I thought you were finally onside until....



			But if we are called in, we would be the first responders to each scenario from that point forward.
		
Click to expand...





			Curiously, is there already a liason between the civy responders and the military?  If so, have they witnessed similiar exercises to the one in TO?  Have they made any recommendations that have effected our training?  Or have they determined a way to use our current skill sets in a first response scenario?
		
Click to expand...

Please contact your unit OPs and obtain the 33BDE Professional Development 9-10Apr05 Kingston CD.  This has loads of info which may enlighten you on Domestic Ops, CONPLAN RAPTOR etc.  This may? give you an understanding of just how large of a request you are wanting for the Reserves or the CF to be involved in such training.
I think if you take the time to read this material you will fully understand the CF position.  

edited for brevity*


----------



## GNR (23 Sep 2005)

Thanks for the more reasonable response Piker!  I intended this to be a constructive conversation, if I wanted to have an argument I would have asked my wife the question. (It's not that she is argumentative, it's just that it is potentially more training that I would be away for) 

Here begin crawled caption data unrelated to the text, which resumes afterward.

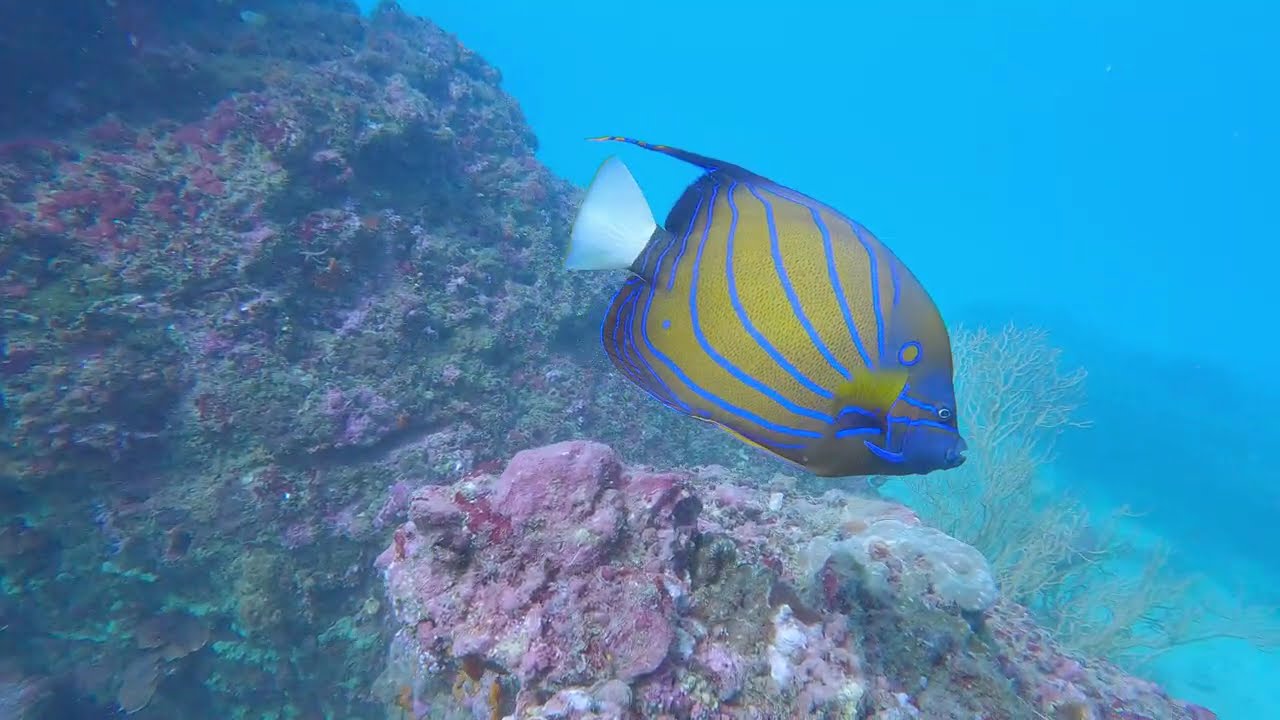 Diving Phuket, December 2025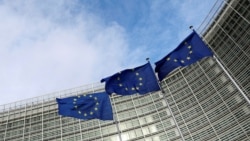 ԵՄ ԱԳ նախարարները հեռավար հանդիպում են անցկացրել՝ քննարկելու Թրամփ-Պուտին սպասվող բանակցությունները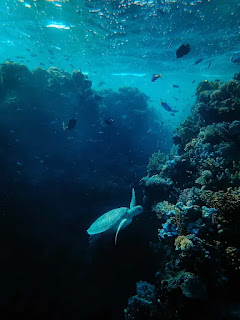 龍宮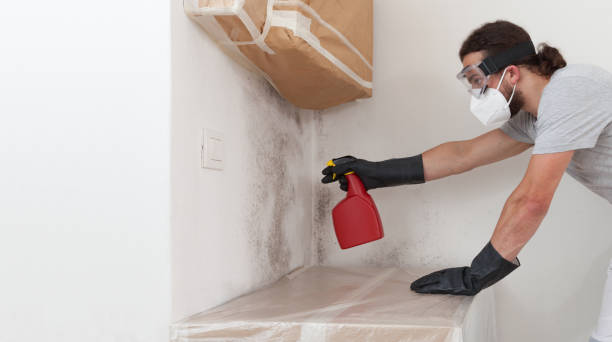 Basement Mold Remediation treatment on basement walls in Olney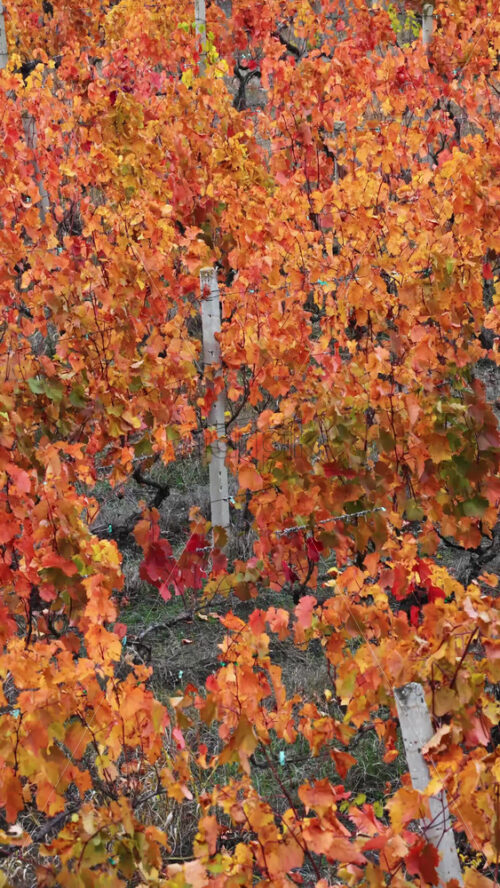 Video - Aerial drone view of a colorful vineyard in Moldova during autumn, with rows of vines displaying vibrant yellow, orange, and red leaves. Vertical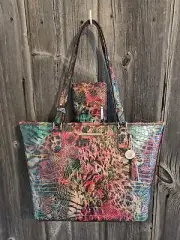 NWT Brahmin Medium Asher and Matching Ady Wallet Shapeshifter.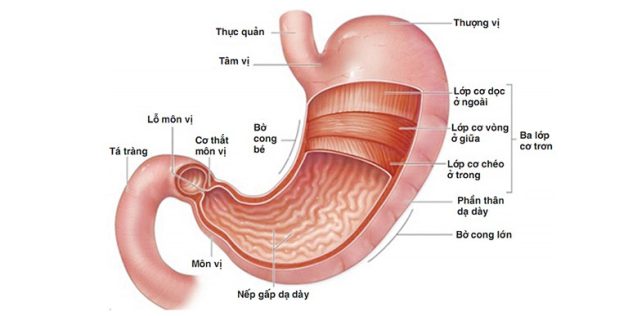 giải phẫu dạ dày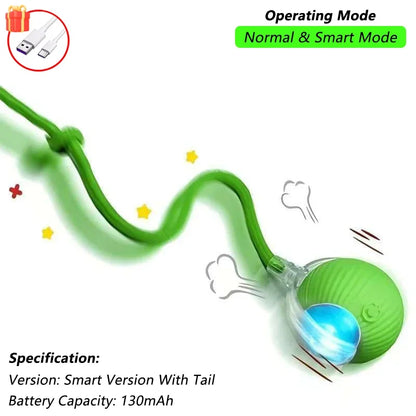 Smart Rolling Cat Ball Toy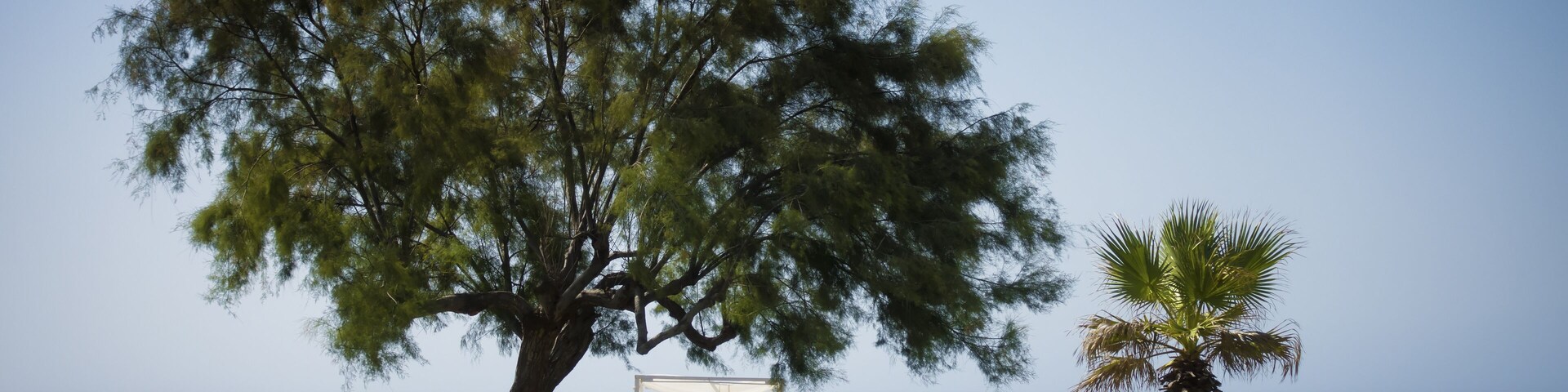 Una playa con un gran árbol, una palmera y un pabellón blanco.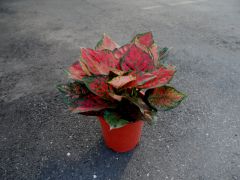 亞曼尼 亞曼尼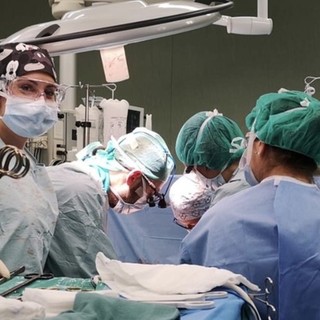 Bimbo morto per la puntura di un calabrone: il trapianto degli organi salva cinque vite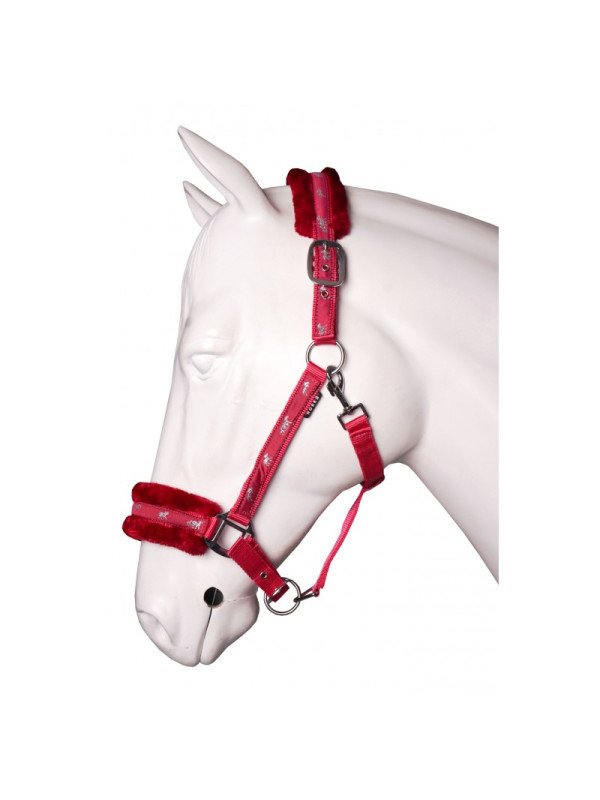 Licol XL Grand Cheval Trait Plush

I reviewed CONPLAN RAPTOR again, thanks for the reminder!  It was the document that spurred on my question.

We are somewhat involved and we have monitored similiar situations, but the development of liasons in each area is not yet complete.  We have listed some areas of expertise, where our troops can be best used and determined that they do not require a new skill set.  But we did all this with-out testing our theories.

Ultimately this brought me back to my original question, why weren't we involved in the recent exercise in TO, it seems like it is the perfect opportunity to test what we have written we are capable of.

I found my answer by reviewing the document "The CF is not funded to carry out tasks other than those that fall within the Defence mandate.   All costs associated with the conduct of domestic operations are normally subject to recovery from the requesting agency."

Our participation in the exercise would be at the expense of the agency that asked us to be involved, therefore we will not test our capabilities and will hope for the best.


----------



## paracowboy (23 Sep 2005)

GNR, Michael O'Leary has already told us that we *were* represented, and that Higher *is* reviewing/planning.


----------



## GNR (23 Sep 2005)

Yeah, thanks paracowboy I mentioned earlier that I wouldn't have even bothered with my original question if that would have been in the article.

But then I started getting questioned on why we should be involved at all.....


----------



## GNR (23 Sep 2005)

> Curiously, is there already a liason between the civy responders and the military?  If so, have they witnessed similiar exercises to the one in TO?  Have they made any recommendations that have effected our training?  Or have they determined a way to use our current skill sets in a first response scenario?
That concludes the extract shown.